Tor Browser is based on Firefox Extended Support Release (ESR). The choice of Firefox over Chromium is deliberate and multifaceted, and the Tor Project has explained it publicly several times.
The Fingerprinting Surface Problem
Browser fingerprinting is the practice of identifying users not by cookies or IP addresses, but by the unique combination of characteristics their browser exposes: screen resolution, installed fonts, WebGL renderer string, audio context processing behavior, Canvas rendering differences, timezone, installed plugins, and dozens more signals. A sufficiently unique fingerprint can identify a user across sessions even through a VPN or Tor exit node.
Tor Browser's entire security model depends on making all its users look identical to fingerprinting attempts — a property called uniform fingerprint. Every Tor Browser user should look like every other Tor Browser user. This requires controlling the rendering engine at a very deep level.
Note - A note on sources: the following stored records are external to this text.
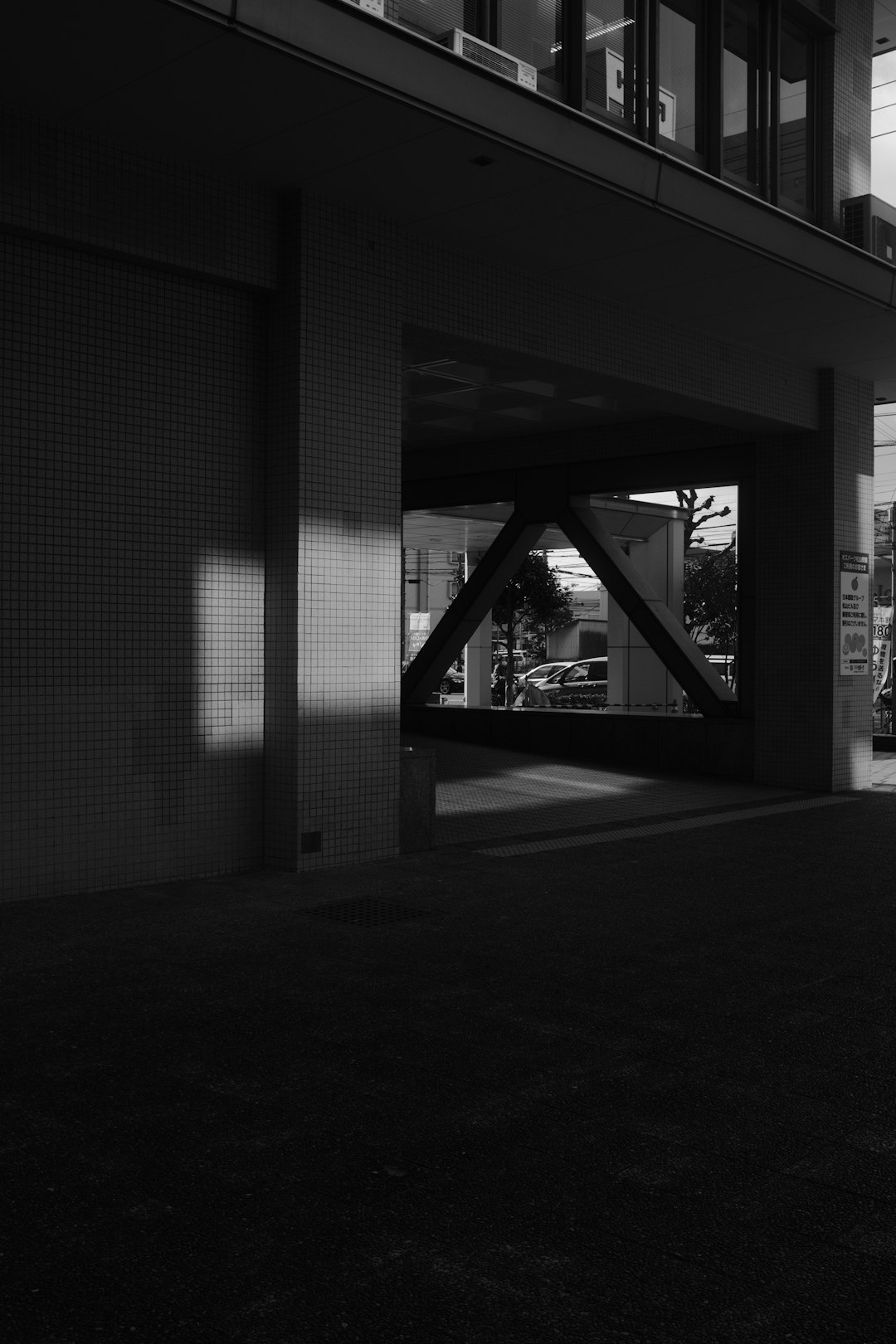 grayscale photo of a building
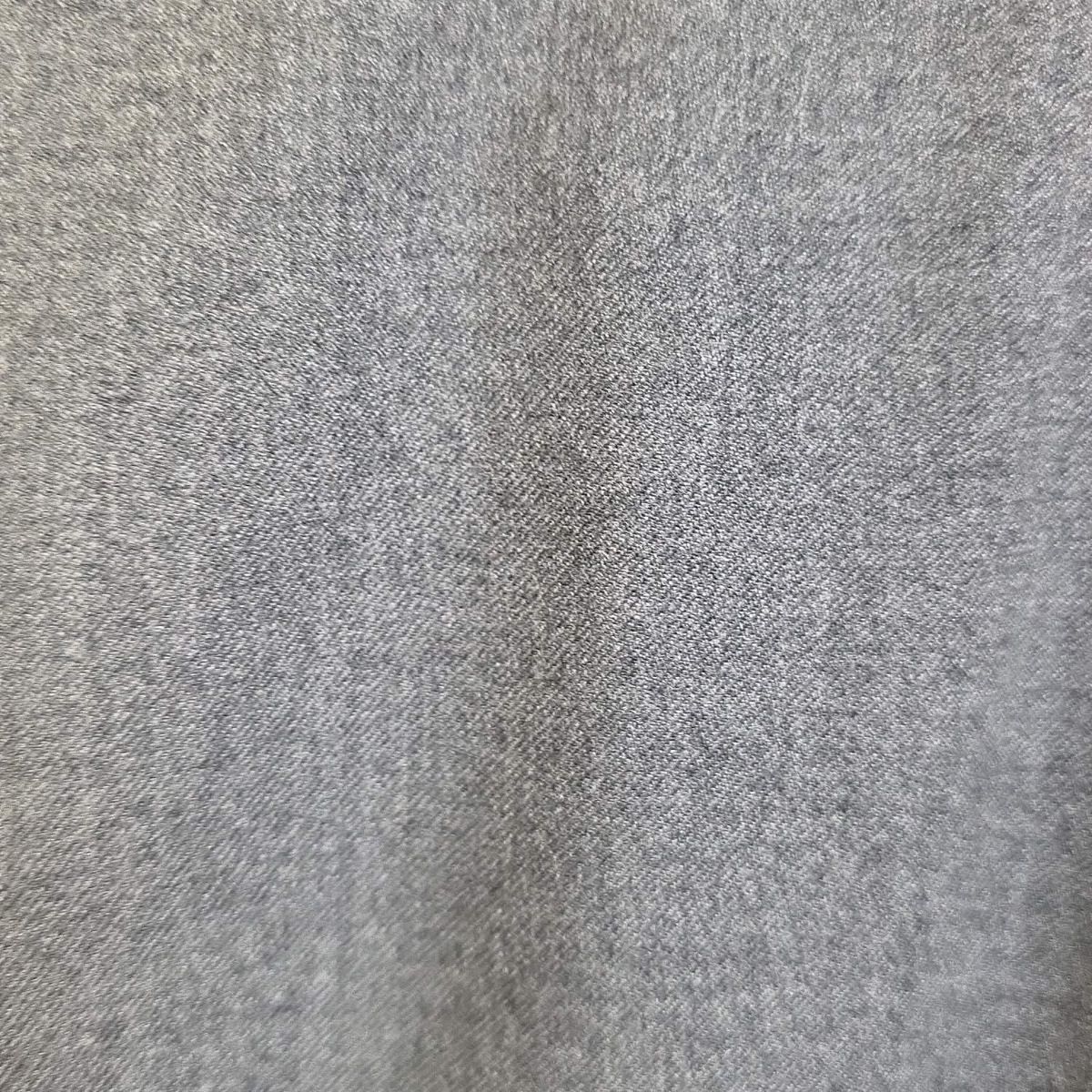 シングルスーツ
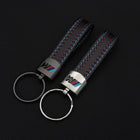 Llavero para llaves de coche de metal y cuero: Elegancia BMW a crochet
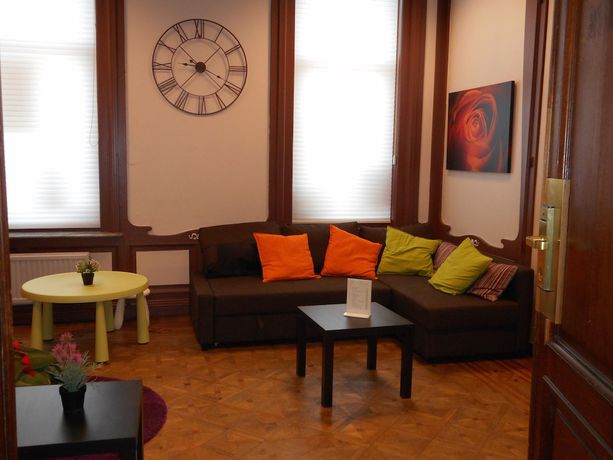 Imagen del bar/restaurante del Hotel Auberge De Jeunesse De Tournai - Hostel. Foto 3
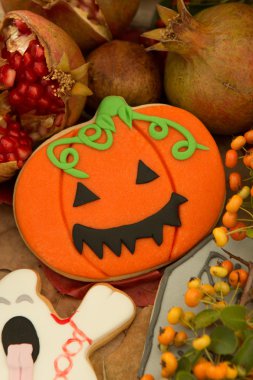 Cadılar Bayramı Çerezler ve sarı çilek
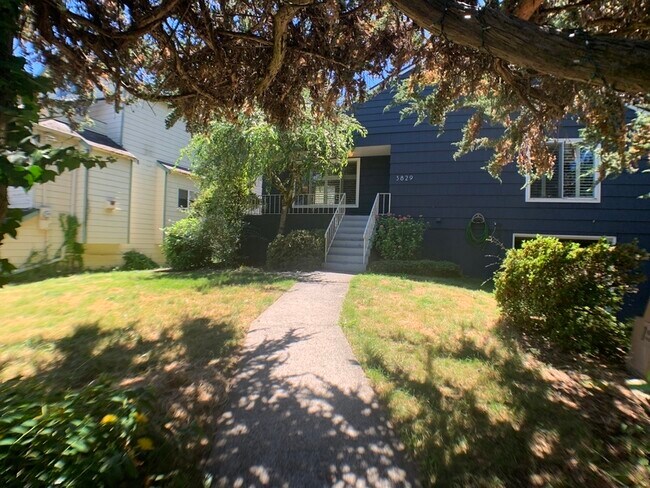 Primary Photo - 3829 NE 95th St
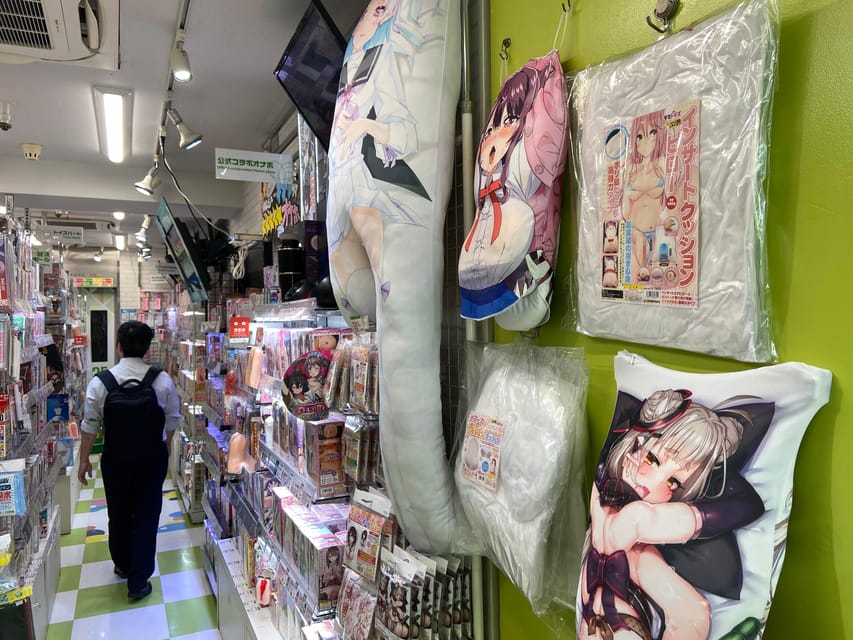 Tokyo: Akihabara Private Hentai Tour - Coffee and desserts at Super Kawaii Maid Cafe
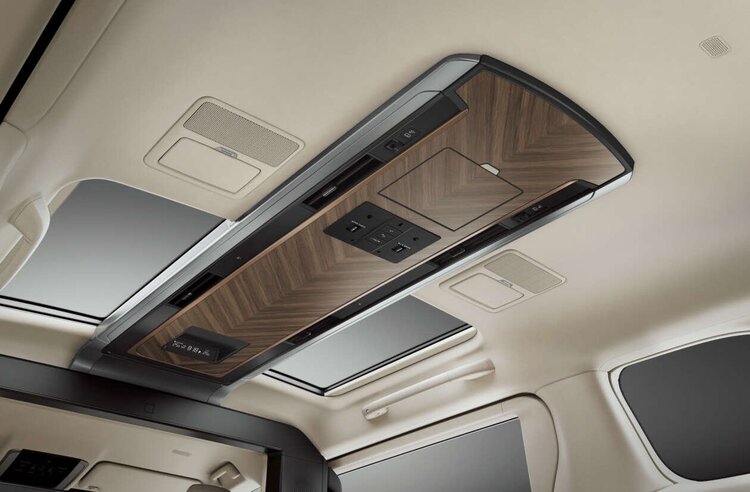 Lexus LM nâng tầm trải nghiệm cho bản 2026: Yên tĩnh hơn, tiện nghi đỉnh cao cho ghế ông chủ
Why Firefox and Not Chromium
Firefox's HTML/CSS UI model makes it possible to modify the browser's behavior extensively through configuration and patching without deep C++ changes. The Tor Project patches Firefox's canvas API to return slightly randomized data (to defeat canvas fingerprinting), patches the font enumeration API to return only a standard list, and patches the WebGL stack to suppress renderer-identifying strings. Most of these patches are in JavaScript or are relatively shallow C++ changes to well-defined APIs. The same patches applied to Chromium would require navigating Aura, Views, Blink's internal rendering pipeline, and Google's process isolation architecture in ways that are significantly more complex.
There is also an institutional relationship: Mozilla and the Tor Project have collaborated for years. Mozilla has accepted Tor-requested patches upstream (such as the letterboxing feature that adds margins around content to prevent window-size fingerprinting) and has funded the Tor Project financially. This kind of collaborative relationship does not exist with Google/Chromium in the same way.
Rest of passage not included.